Cycling sales grew for Halfords in its half year results (the 26 weeks to 27 September 2019), but overall like-for-like revenue fell for the retailer, citing weak consumer confidence. Perhaps crucially, the Group also hinted at a greater emphasis on service over product sales in its future.
Group sales fell 2.4% like-for-like in a “tough market” however sales switched to growth in the last six weeks of the period. Bigger ticket discretionary product demand was soft, while online and B2B (the latter now 15% of Group sales) all delivered strong sales growth.
Halford’s now-year old strategy “To inspire a lifetime of motoring and cycling” was updated, having optimied cycling space in all retail stores, based on a ‘right range, right store’ approach that won it a 2.5pts improvement in the customer New Promoter Score (NPS) driving sales and margin, the firm said.
“Addressing the headwinds faced by retailers of products”
Despite cycling’s positive performance, the Group singled out the motoring side of its business – as well as service over sales – as a priority: “We believe our plan enables the business to evolve into a consumer and B2B services-focused business, with a greater emphasis on motoring, generating higher and more sustainable financial returns. Our motoring and cycling products businesses remain core but, beyond this, we need to deliver a substantial shift to services in order to drive growth and address the headwinds faced by retailers of products.”

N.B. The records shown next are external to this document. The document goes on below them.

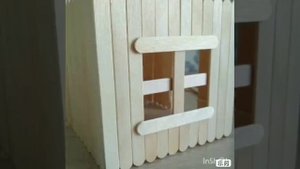 Домик из палочек от мороженого.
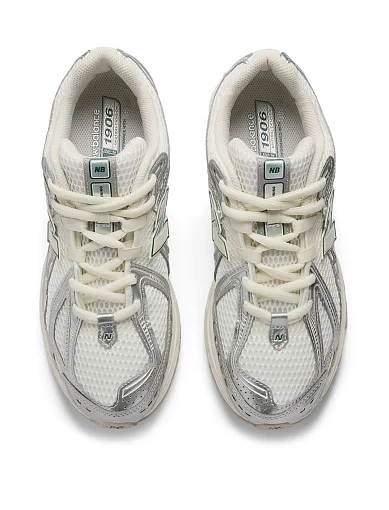 Жіночі кросівки New Balance 1906 з екошкіри срібного кольору - фото 3 - Miraton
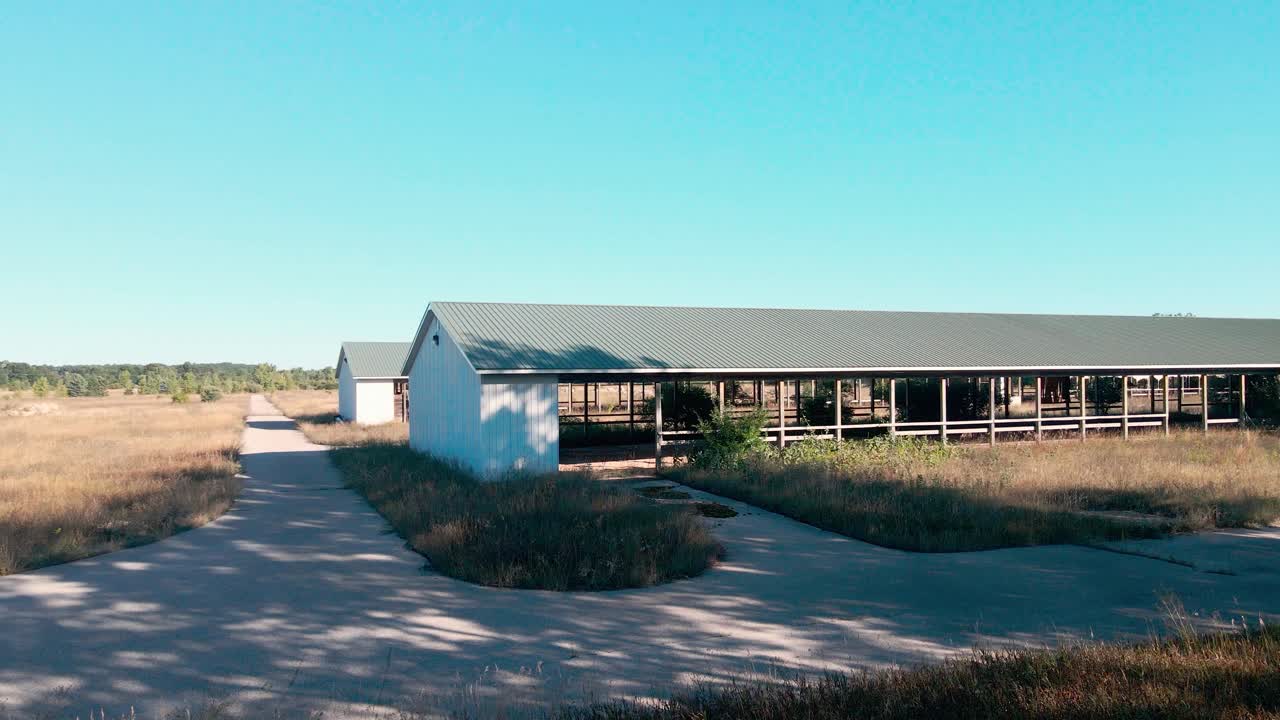 холодное утро с киношным взглядом возле заброшенных конюшен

The group anticipates a medium-term evolution of service-related sales doubling as a % of total Group sales and Autocentres representing a materially larger proportion of Group profit. “As a result, motoring will inevitably grow in focus.”
An increasing focus on service is not revolutionary thinking for Halfords (or for the cycle sector), but confirmation (if it was needed) that even huge groups like Halfords struggle to absorb the irregularities and headwinds currently associated with retailing product, in bricks and mortar and online. CI.N has plenty of workshop-related articles for further reading on that topic, including a series on ‘how to make your workshop work harder‘.
Halfords CEO Graham Stapleton commented on the results: “In a period where retail sales were impacted by weakened consumer confidence, we are pleased to have successfully increased gross margin, kept a tight control over costs, and seen growth from our strategic investment.
“Twelve months on from the launch of our strategy to inspire and support a lifetime of motoring and cycling, we have made encouraging early progress. Our Autocentres business delivered strong growth in the half, while new initiatives helped to drive top line momentum in Group Services, Online and B2B.
“We are clear that our service-led strategy is the right one for Halfords. Our unique position, growing services business and positive macro-customer trends, gives us confidence that this is the right time to accelerate investment, leveraging our trusted household brand to become a clear market leader in Motoring services.
“Over the medium-term, we expect service-related sales to double as a percentage of Group sales and Autocentres to represent a materially larger proportion of Halfords’ profits. As a result, motoring will inevitably grow in focus for the Group. We are confident that this strategy will drive long-term sustainable growth.”